- Task to complete
Entries below include pictures. Output exactly the lines from the one with "ROKI−Octagon LED 50W BK E26口金 植物育成用" down to the one with "Costco takes on", both ends included, and leave the pictures out.

- Entries provided
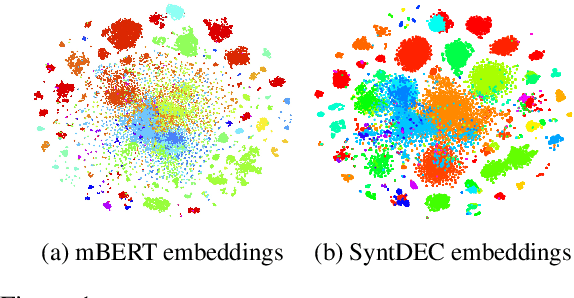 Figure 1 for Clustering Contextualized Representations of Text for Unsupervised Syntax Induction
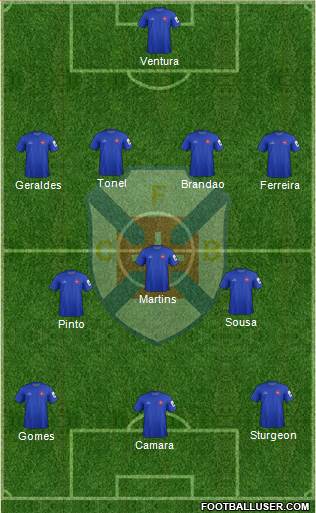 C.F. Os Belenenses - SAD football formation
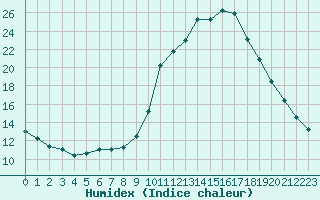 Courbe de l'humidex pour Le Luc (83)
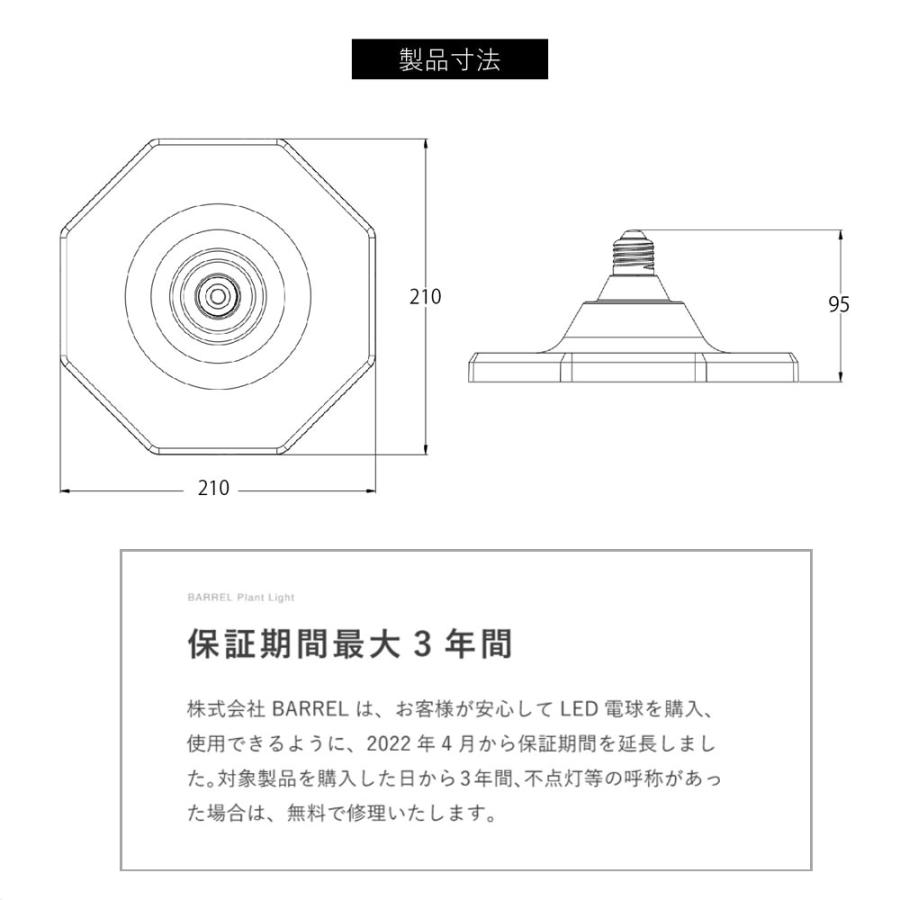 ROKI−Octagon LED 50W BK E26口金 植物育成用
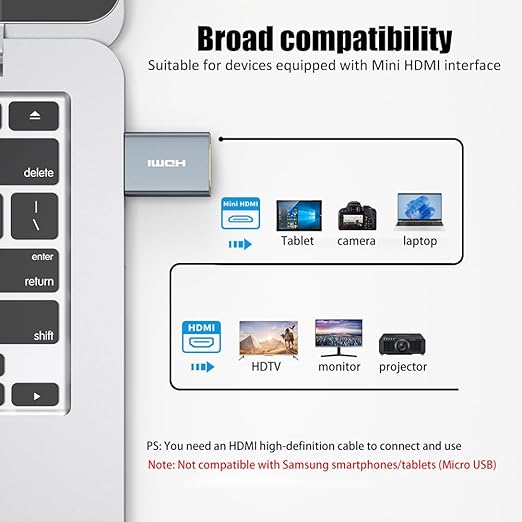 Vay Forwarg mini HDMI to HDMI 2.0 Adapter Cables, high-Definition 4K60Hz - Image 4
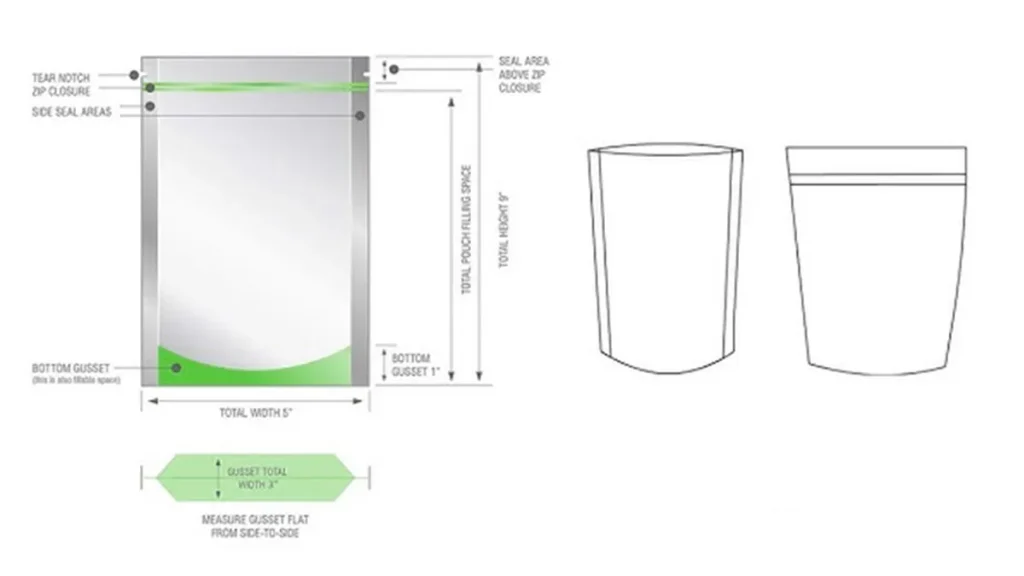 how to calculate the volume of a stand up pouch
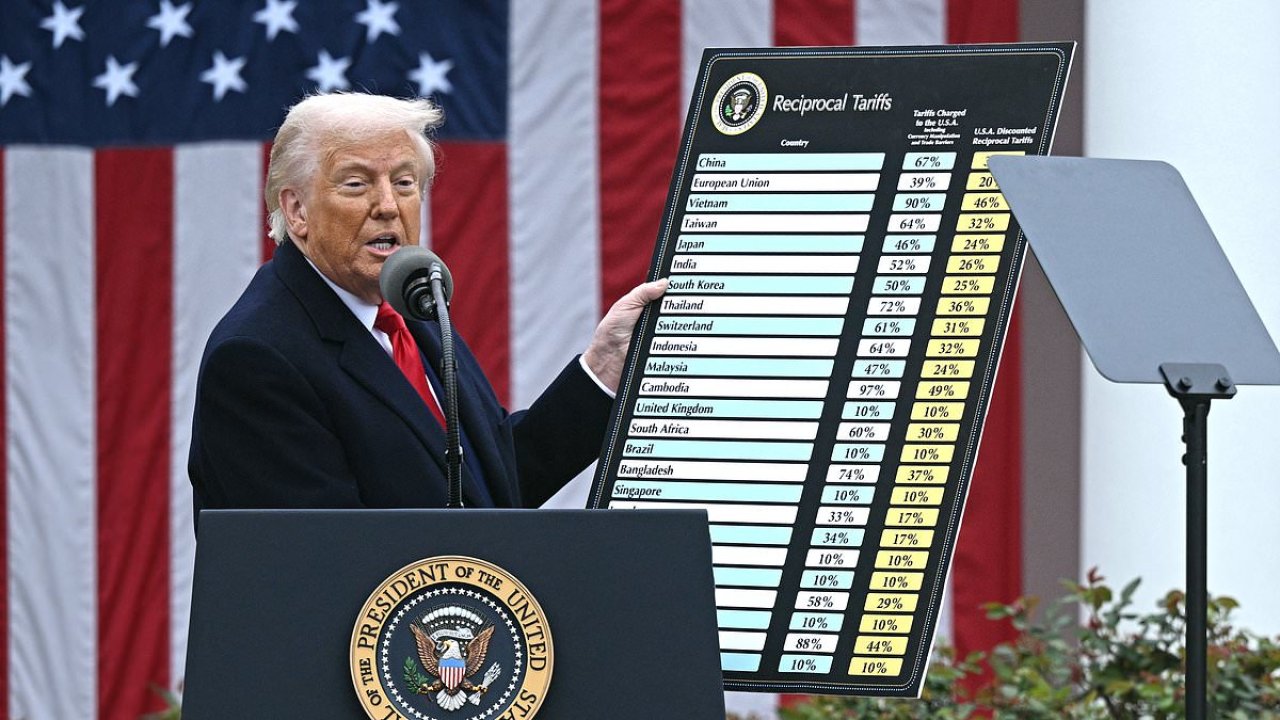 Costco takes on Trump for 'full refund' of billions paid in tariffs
* * *
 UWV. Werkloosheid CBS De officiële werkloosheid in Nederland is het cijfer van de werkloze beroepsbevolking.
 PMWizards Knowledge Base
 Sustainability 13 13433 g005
---
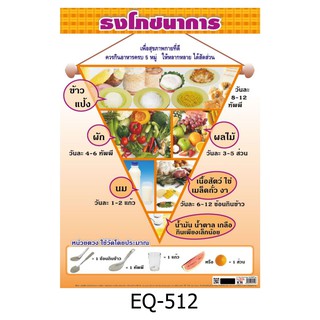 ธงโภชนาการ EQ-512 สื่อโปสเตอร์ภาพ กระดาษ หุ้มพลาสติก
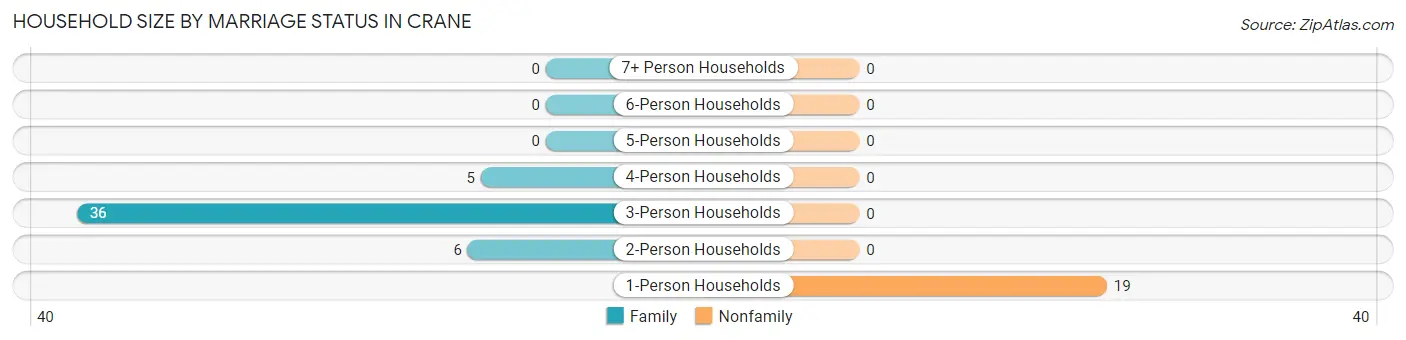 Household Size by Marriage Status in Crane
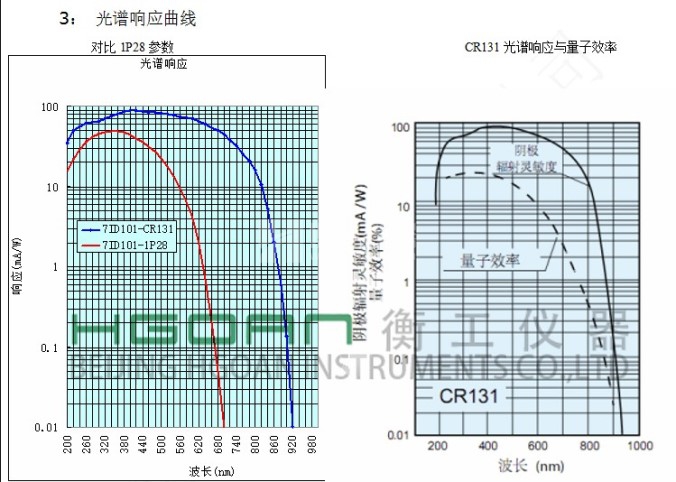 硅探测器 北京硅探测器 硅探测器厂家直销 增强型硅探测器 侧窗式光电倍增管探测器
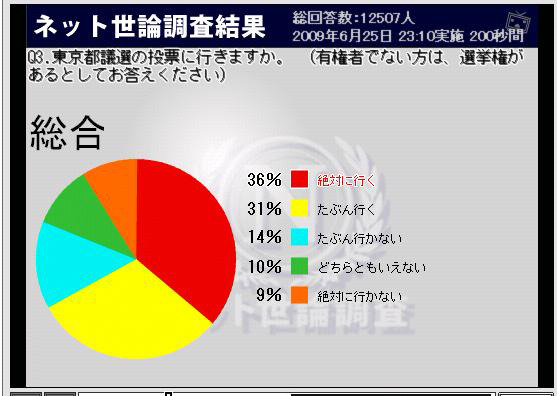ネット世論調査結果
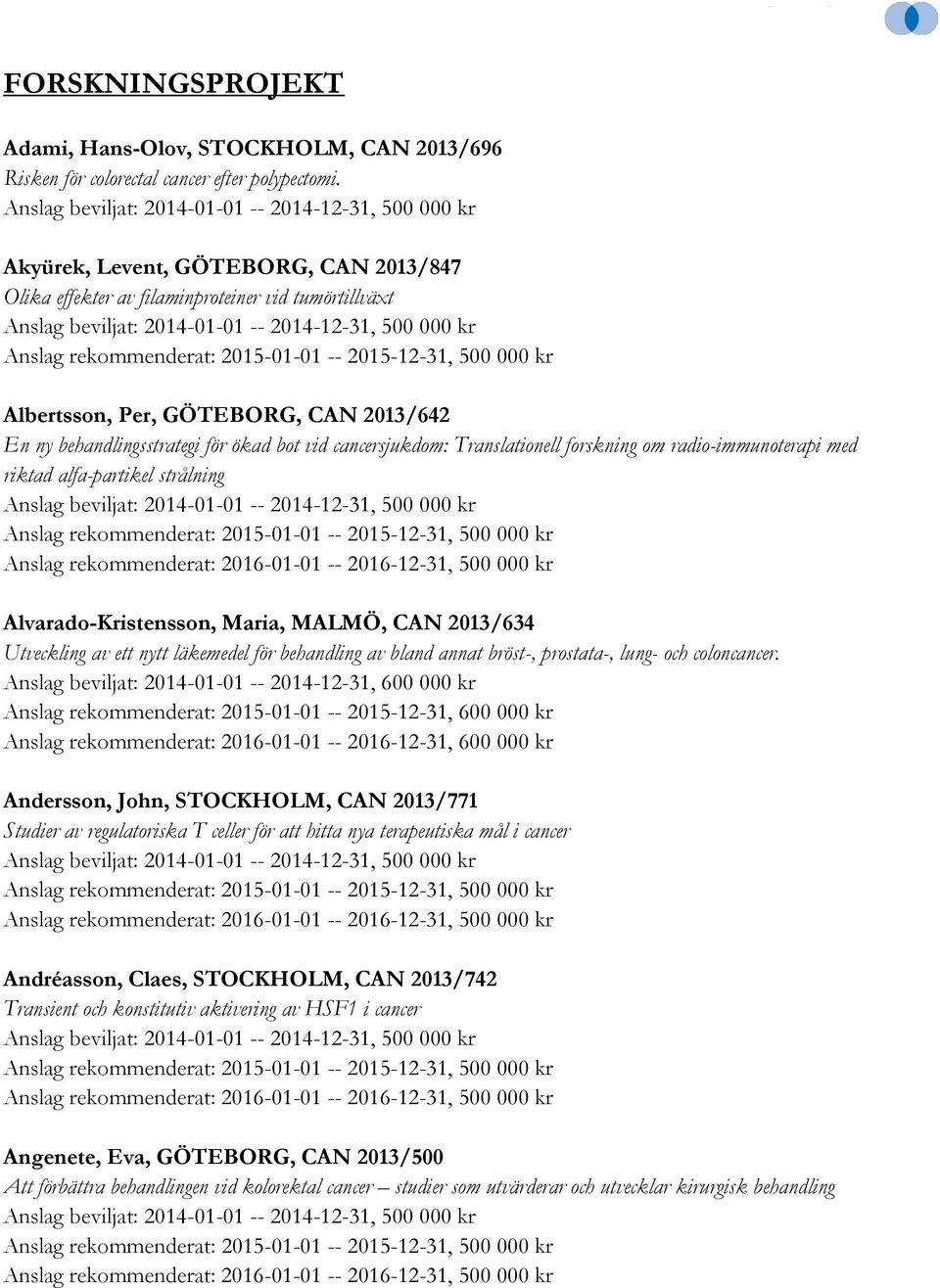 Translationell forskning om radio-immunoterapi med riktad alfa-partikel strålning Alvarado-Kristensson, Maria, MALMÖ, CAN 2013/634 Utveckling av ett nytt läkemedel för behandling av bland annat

- Completed exercise
 ROKI−Octagon LED 50W BK E26口金 植物育成用
 Vay Forwarg mini HDMI to HDMI 2.0 Adapter Cables, high-Definition 4K60Hz - Image 4
 how to calculate the volume of a stand up pouch
 Costco takes on Trump for 'full refund' of billions paid in tariffs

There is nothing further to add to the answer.